About this task: The entries must be set down again word for word; no pictures belong in the copy.

Dataset items:
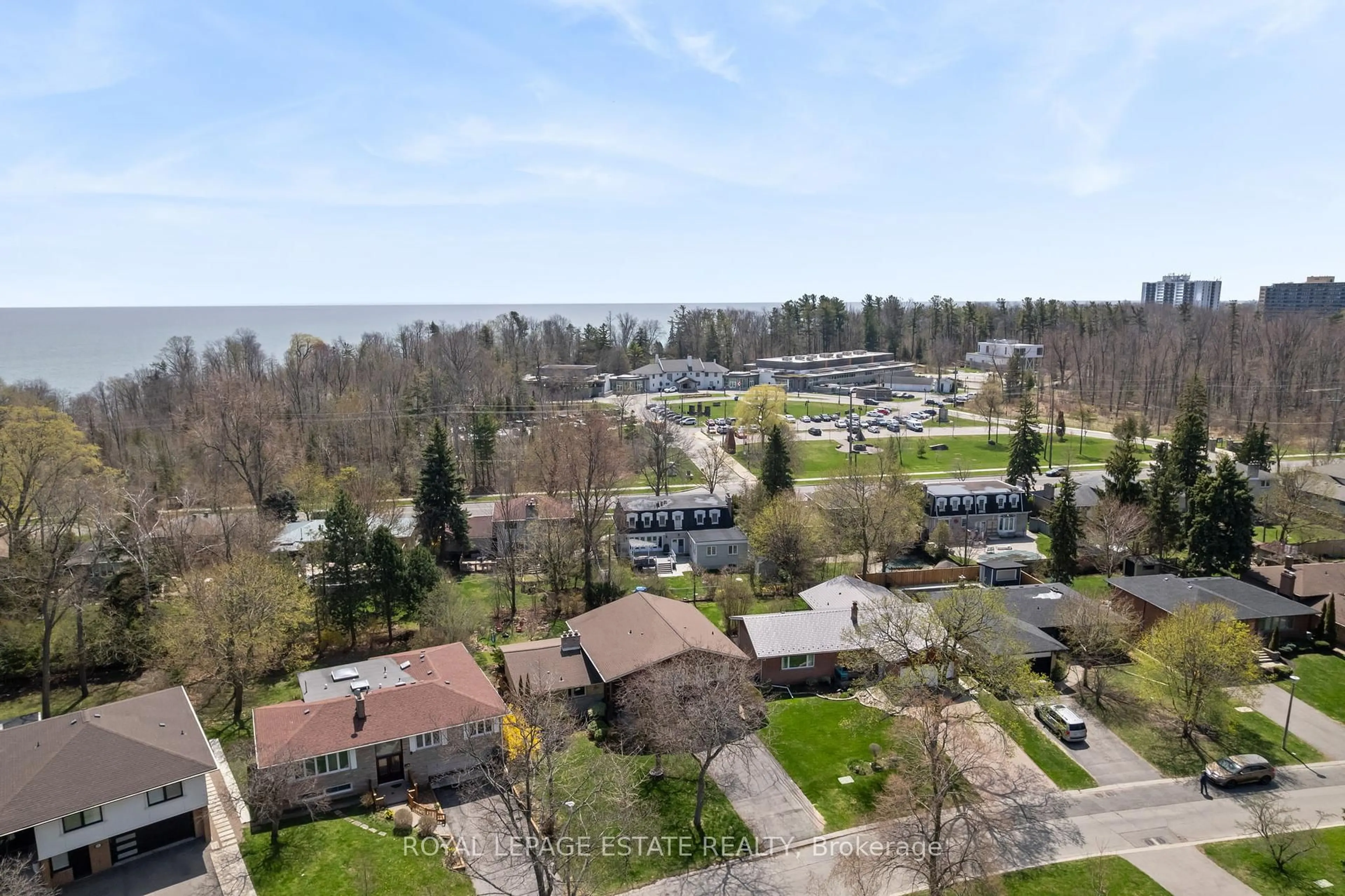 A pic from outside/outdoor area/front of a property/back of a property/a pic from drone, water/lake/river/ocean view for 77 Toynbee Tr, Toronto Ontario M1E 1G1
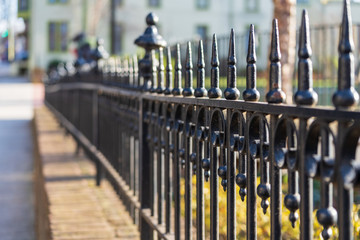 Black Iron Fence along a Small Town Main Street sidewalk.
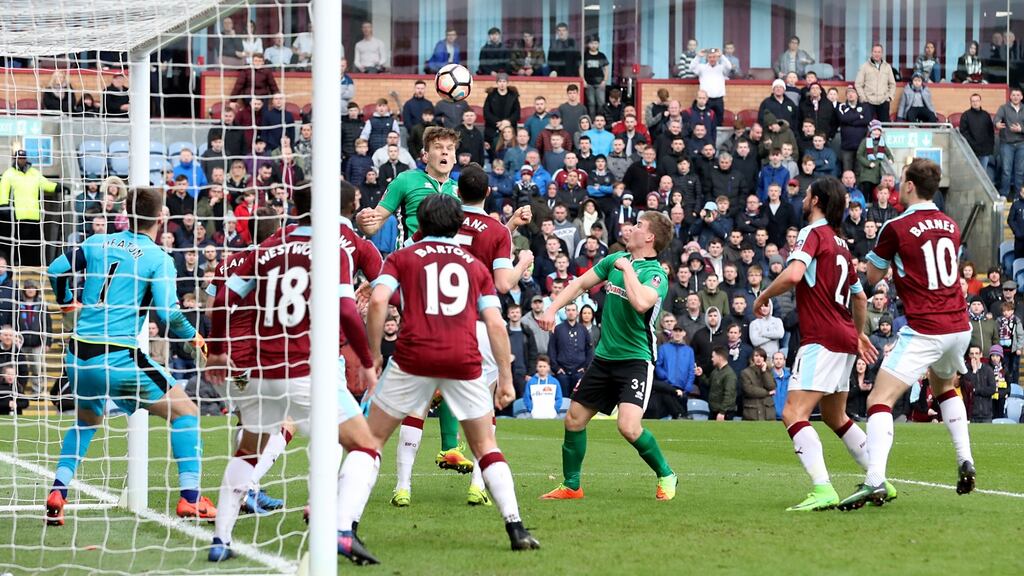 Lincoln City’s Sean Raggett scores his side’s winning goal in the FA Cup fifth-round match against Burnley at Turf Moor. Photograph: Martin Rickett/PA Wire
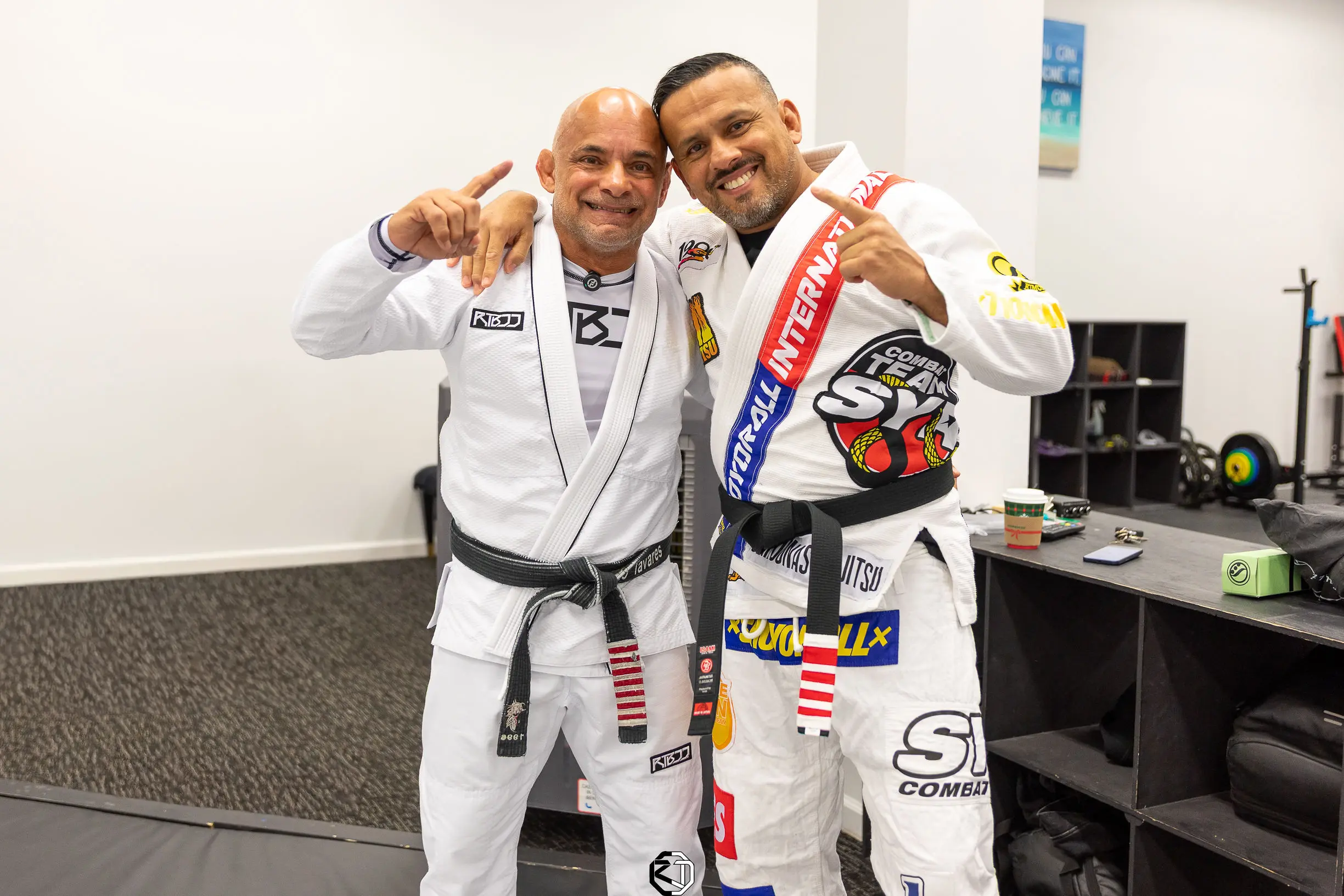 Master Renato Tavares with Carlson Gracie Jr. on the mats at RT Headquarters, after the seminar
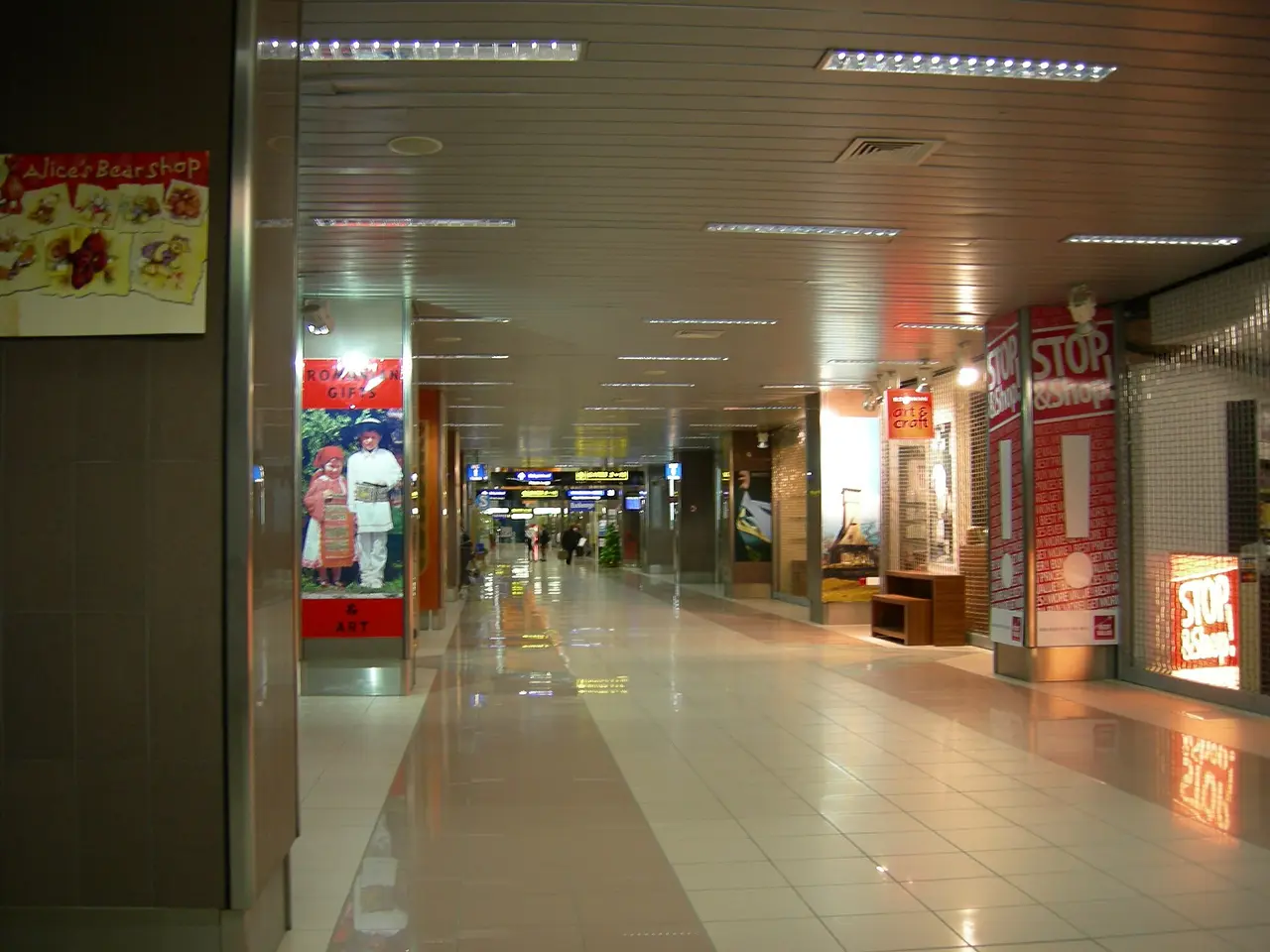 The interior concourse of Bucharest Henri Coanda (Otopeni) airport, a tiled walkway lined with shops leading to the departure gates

Written response:
 A pic from outside/outdoor area/front of a property/back of a property/a pic from drone, water/lake/river/ocean view for 77 Toynbee Tr, Toronto Ontario M1E 1G1
 Black Iron Fence along a Small Town Main Street sidewalk.
 Lincoln City’s Sean Raggett scores his side’s winning goal in the FA Cup fifth-round match against Burnley at Turf Moor. Photograph: Martin Rickett/PA Wire
 Master Renato Tavares with Carlson Gracie Jr. on the mats at RT Headquarters, after the seminar
 The interior concourse of Bucharest Henri Coanda (Otopeni) airport, a tiled walkway lined with shops leading to the departure gates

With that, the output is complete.